Mohon tunggu...
Mahar Asep Gumilar Hidayat
Mahar Asep Gumilar Hidayat Mohon Tunggu... Jurnalis - Pelari, Penulis

Ultra marathoner dan suka menulis

Selanjutnya

Tutup

Analisis

Jokowi dan Gelar Si Paling Korup dari OCCRP

4 Januari 2025   10:06 Diperbarui: 4 Januari 2025   10:06 28
+
Laporkan Konten
Laporkan Akun
Kompasiana adalah platform blog. Konten ini menjadi tanggung jawab bloger dan tidak mewakili pandangan redaksi Kompas.
Lihat foto
Analisis Cerita Pemilih. Sumber ilustrasi: KOMPAS.com/GARRY LOTULUNG

JOKOWI DAN BASHAR AL-ASSAD BURUK MUKA CERMIN DIBELAH

NGO dan Peran Media Sosial Dalam Berita Jokowi Masuk Daftar Tokoh Dunia Paling Korup 2024 versi Organized Crime and Corruption Reporting Project (OCCRP)

 

Jelang pergantian tahun dari 2024 ke 2025, mendadak muncul berita yang menggemparkan. Berita itu bukan datang dari Presiden Prabowo yang membatalkan kenaikan PPN 12 persen. Bukan juga datang Wapres Gibran yang sering salah ucap saat berbicara. Berita menggemparkan itu justru datang ayahnya Gibran, yang tidak lain mantan Presiden Joko Widodo. Berita itu berbunyi, "Jokowi nominasi tokoh terkorup di dunia!"

Adalah cnnindonesia.com dan akun instagram @cnnindonesia yang pertamakali menaikan berita mencengangkan itu. Dalam unggahannya pada 31 Desember 2024 siang atau sekitar pukul 11:39, cnnindonesia.com membuat judul : Jokowi Masuk Daftar Tokoh Dunia Paling Korup 2024 versi Organized Crime and Corruption Reporting Project (OCCRP)

Dalam laporannya cnnindonesia.com menulis, "Selain Jokowi OCCRP juga memilih tokoh terkorup lainnya. Mereka adalah mantan Presiden Suriah Bashar al-Assad, Presiden Kenya William Ruto, Presiden Nigeria Bola Ahmed Tinubu, Mantan Perdana Menteri Bangladesh Hasina, dan Pengusaha dari India Gautam Adani"

Lalu apa itu OCCRP? 

OCCRP adalah organisasi jurnalisme investigasi terbesar di dunia. Berkantor di Amsterdam, Non Govermental Organization (NGO) terkemuka ini memiliki staf hingga di 6 benua. Sejak didirikan pada tahun 2006 di Sarajevo, Bosnia dan Herzegovina, hingga kini OCCRP aktif melakukan peliputan invetigasi dengan kasus-kasus besar diberbagai belahan dunia.
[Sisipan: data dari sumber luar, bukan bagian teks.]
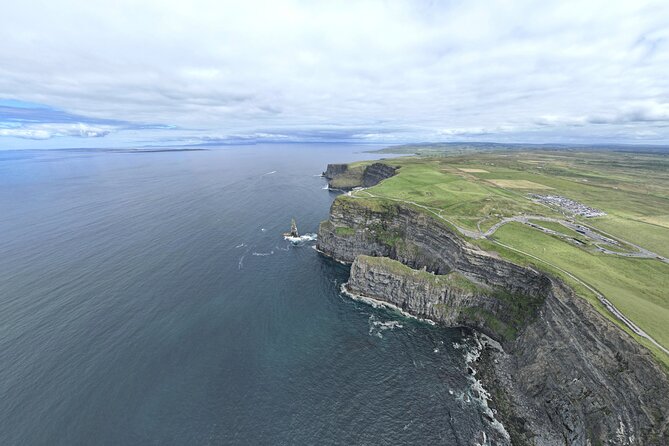 Private Luxury VIP Chauffeured Cliffs of Moher Tour from Dublin - Dunguaire Castle and the medieval pause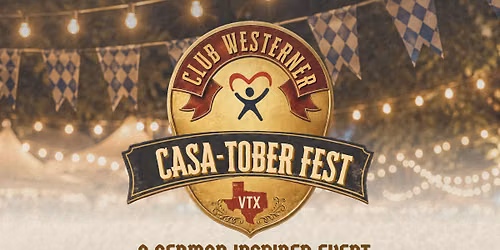 CASA-Tober Fest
Selain melakukan peliputan investigasi, salah satu acara tahunan OCCRP adalah membuat program barnama "Person of the Year".  Pertamakali diselenggarakan 2012, program ini dibuat untuk memilih tokoh yang paling banyak menimbulkan kekacauan di seluruh dunia. Kekacauan yang dimaksud OCCRP adalah mengorganisir kejahatan hingga melakukan praktik korupsi.

Dikutip dari halaman resmi mereka, occrp.org, tindakan korupsi yang dimaksud bukan hanya merapok uang rakyat, tetapi juga menjalankan roda pemerintahan dengan tindakan melanggar HAM, memanipulasi pemilu, menjarah sumber daya alam hingga menciptakan konflik.

Di tahun ke-12 penyelenggaraanya, baru kali ini "Person of the Year" memilih finalis dari Indonesia, sebagai salah satu tokoh dunia paling korup di tahun 2024. Tidak tanggung-tanggung yang terpilih adalah Joko Widodo, mantan presiden yang kerap disebut perusak demokrasi dan pengobrak-abrik konstitusi.

Dalam wawancaranya disebuah media asing, Drew Sullivan selaku pendiri OCCRP mengatakan, semua finalis "Person of the Year"  termasuk Joko Widodo, tidak  dipilih oleh OCCRP, melainkan berdasarkan nominasi pilihan publik. OCCRP tidak memiliki kendali atas siapa yang dinominasikan karena saran datang dari orang-orang di seluruh dunia, termasuk pencalonan Presiden Indonesia (ke-7) Joko Widodo.

Setali tiga uang, selain dipilih berdasarkan nominasi pilihan publik, penentuan pemenangan juga menurut Drew Sullivan tidak ditentukan oleh OCCRP, melainkan melalui sistem voting atau pengumpulan suara. Siapa yang paling banyak dipilih sebagai "Person of the Year", dialah tokoh paling korup. "Kami dari OCCRP hanyamenyeleksi kandidat" Ucap Drew Sullivan seperti dikutip dari cnnindonesia.com (3/1/20205)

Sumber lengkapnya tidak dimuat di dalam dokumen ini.